• [DATA TO USE]
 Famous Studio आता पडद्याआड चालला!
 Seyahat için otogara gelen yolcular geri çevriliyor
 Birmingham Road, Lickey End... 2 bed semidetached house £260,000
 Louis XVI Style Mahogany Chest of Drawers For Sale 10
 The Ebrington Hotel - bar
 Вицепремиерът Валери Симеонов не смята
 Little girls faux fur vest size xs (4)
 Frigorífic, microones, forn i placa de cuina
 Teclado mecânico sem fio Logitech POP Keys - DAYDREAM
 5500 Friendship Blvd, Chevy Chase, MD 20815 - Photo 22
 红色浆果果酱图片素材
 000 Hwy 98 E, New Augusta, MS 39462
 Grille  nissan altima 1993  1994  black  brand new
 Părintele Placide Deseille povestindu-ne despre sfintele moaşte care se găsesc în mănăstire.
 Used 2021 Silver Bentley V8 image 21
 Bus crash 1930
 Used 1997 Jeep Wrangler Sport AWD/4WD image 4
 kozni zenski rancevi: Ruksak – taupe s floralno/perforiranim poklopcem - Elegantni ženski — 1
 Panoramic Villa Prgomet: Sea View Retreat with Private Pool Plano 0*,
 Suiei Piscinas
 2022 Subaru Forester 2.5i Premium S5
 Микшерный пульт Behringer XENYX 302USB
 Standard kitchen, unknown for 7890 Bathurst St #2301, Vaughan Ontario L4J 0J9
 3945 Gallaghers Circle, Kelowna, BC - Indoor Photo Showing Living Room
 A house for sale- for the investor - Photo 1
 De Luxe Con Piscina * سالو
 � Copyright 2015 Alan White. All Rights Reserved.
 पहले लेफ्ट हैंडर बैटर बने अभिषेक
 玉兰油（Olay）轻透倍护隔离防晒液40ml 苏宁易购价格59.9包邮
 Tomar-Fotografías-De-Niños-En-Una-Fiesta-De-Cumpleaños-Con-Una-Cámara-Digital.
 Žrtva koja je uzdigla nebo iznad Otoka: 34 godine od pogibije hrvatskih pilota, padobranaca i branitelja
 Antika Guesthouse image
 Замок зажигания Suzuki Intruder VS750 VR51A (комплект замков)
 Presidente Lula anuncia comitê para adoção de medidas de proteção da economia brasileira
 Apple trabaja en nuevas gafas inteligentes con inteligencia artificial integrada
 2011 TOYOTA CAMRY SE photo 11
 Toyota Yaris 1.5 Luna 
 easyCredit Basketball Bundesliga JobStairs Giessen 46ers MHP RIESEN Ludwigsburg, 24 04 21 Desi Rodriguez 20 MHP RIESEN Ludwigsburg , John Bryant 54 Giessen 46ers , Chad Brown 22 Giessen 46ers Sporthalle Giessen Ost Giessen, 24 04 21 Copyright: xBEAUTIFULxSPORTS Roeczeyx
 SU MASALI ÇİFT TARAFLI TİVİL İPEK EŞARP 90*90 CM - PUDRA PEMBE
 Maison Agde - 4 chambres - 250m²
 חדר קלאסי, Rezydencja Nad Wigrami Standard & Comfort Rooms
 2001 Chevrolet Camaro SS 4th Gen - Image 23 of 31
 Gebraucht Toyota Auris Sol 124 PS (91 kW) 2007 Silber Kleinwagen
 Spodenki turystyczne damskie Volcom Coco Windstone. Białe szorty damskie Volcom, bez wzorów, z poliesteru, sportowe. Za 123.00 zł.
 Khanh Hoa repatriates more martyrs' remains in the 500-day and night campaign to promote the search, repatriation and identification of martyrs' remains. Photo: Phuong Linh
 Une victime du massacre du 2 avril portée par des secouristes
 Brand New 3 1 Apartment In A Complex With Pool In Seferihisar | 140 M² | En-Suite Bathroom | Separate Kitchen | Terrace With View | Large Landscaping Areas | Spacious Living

• [EXERCISE DESCRIPTION] What you return must be the lines above that run from the line with "Вицепремиерът Валери Симеонов не смята" to the line with "Toyota Yaris 1.5 Luna", inclusive, each copied exactly.

• [YOUR RESPONSE]
 Вицепремиерът Валери Симеонов не смята
 Little girls faux fur vest size xs (4)
 Frigorífic, microones, forn i placa de cuina
 Teclado mecânico sem fio Logitech POP Keys - DAYDREAM
 5500 Friendship Blvd, Chevy Chase, MD 20815 - Photo 22
 红色浆果果酱图片素材
 000 Hwy 98 E, New Augusta, MS 39462
 Grille  nissan altima 1993  1994  black  brand new
 Părintele Placide Deseille povestindu-ne despre sfintele moaşte care se găsesc în mănăstire.
 Used 2021 Silver Bentley V8 image 21
 Bus crash 1930
 Used 1997 Jeep Wrangler Sport AWD/4WD image 4
 kozni zenski rancevi: Ruksak – taupe s floralno/perforiranim poklopcem - Elegantni ženski — 1
 Panoramic Villa Prgomet: Sea View Retreat with Private Pool Plano 0*,
 Suiei Piscinas
 2022 Subaru Forester 2.5i Premium S5
 Микшерный пульт Behringer XENYX 302USB
 Standard kitchen, unknown for 7890 Bathurst St #2301, Vaughan Ontario L4J 0J9
 3945 Gallaghers Circle, Kelowna, BC - Indoor Photo Showing Living Room
 A house for sale- for the investor - Photo 1
 De Luxe Con Piscina * سالو
 � Copyright 2015 Alan White. All Rights Reserved.
 पहले लेफ्ट हैंडर बैटर बने अभिषेक
 玉兰油（Olay）轻透倍护隔离防晒液40ml 苏宁易购价格59.9包邮
 Tomar-Fotografías-De-Niños-En-Una-Fiesta-De-Cumpleaños-Con-Una-Cámara-Digital.
 Žrtva koja je uzdigla nebo iznad Otoka: 34 godine od pogibije hrvatskih pilota, padobranaca i branitelja
 Antika Guesthouse image
 Замок зажигания Suzuki Intruder VS750 VR51A (комплект замков)
 Presidente Lula anuncia comitê para adoção de medidas de proteção da economia brasileira
 Apple trabaja en nuevas gafas inteligentes con inteligencia artificial integrada
 2011 TOYOTA CAMRY SE photo 11
 Toyota Yaris 1.5 Luna 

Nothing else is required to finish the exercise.